If you find the Swedes extreme, the Swiss are way ahead of their Scandinavian counterparts. The Swiss have an abundance of shelters, more than enough to house their entire population.

Whereas confidence among Europeans that President Barack Obama would “do the right thing regarding world affairs” ranged between 70 and 90 percent in a number of surveyed nations during his term, those numbers plummeted after Trump’s inauguration and have only gone down since. Only 7 percent in Spain and 11 percent in Germany now say they have confidence in Trump. Top officials in Germany have also directly contradictedTrump’s North Korea policies, and have voiced concerns that the White House may overreact to nuclear provocations and escalate the war rhetoric being exchanged with North Korea.

Europeans are similarly worried that decades-long nonproliferation efforts could be dismantled virtually overnight, leading to a new arms race.
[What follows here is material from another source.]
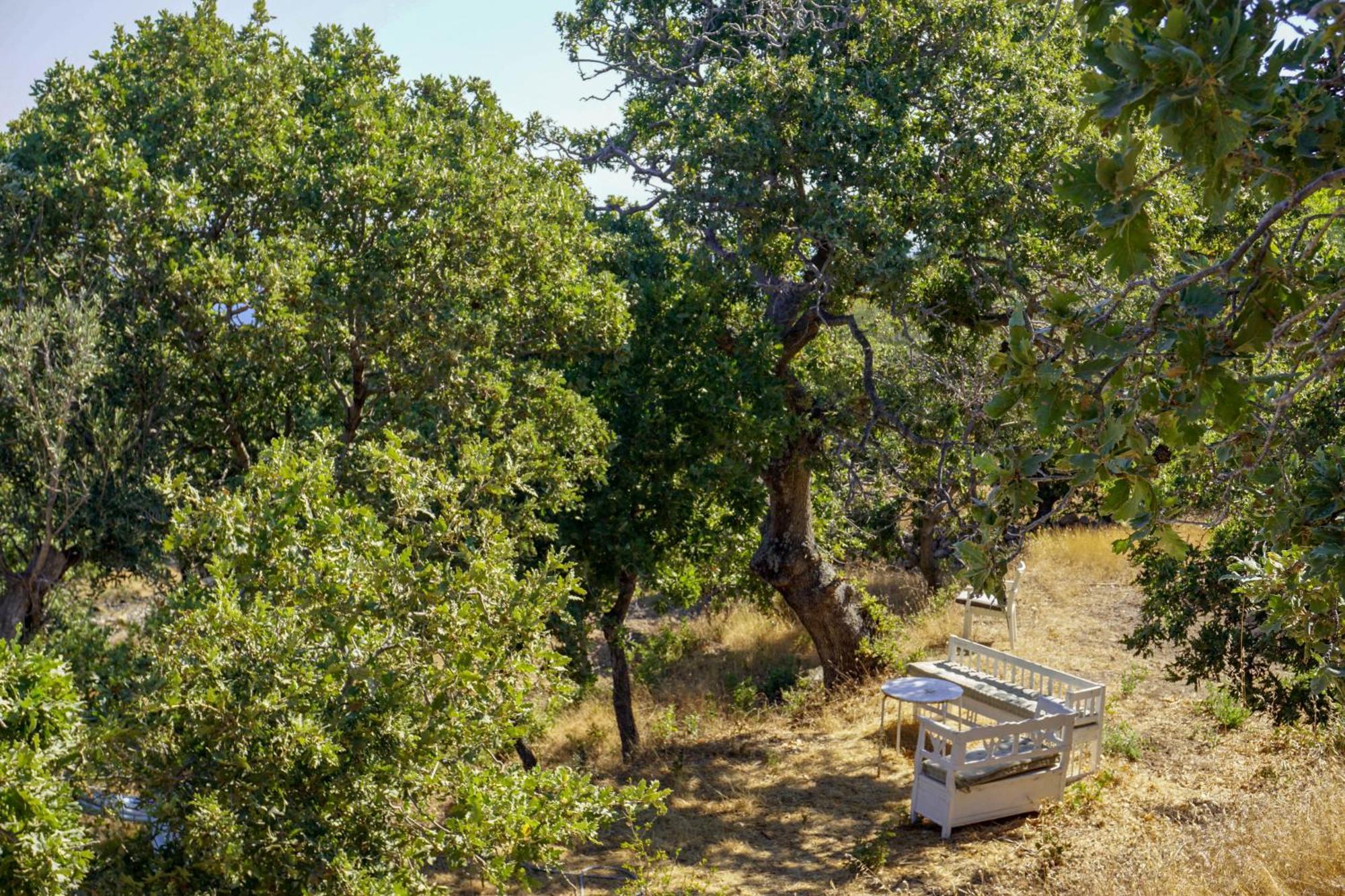 My Old Stone House In A 2 000 Sqm Private Garden With Fab Glamping Tent Mandrákion Exterior foto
In 2009, the Obama administration negotiated a treaty with Russia in which both countries agreed to cap the number of deployed warheads. Trump reportedly called the agreement a bad deal in his first phone call with Russian President Vladimir Putin earlier this year, although administration officials have since backtracked.

Sweden’s new shelter locations indicate that at least some of the concerns are connected to Russia. One of the regions where most new shelters are expected to be constructed in the coming years is the island of Gotland, where military defenses were recently expanded with the declared aim of stopping a possible Russian invasion.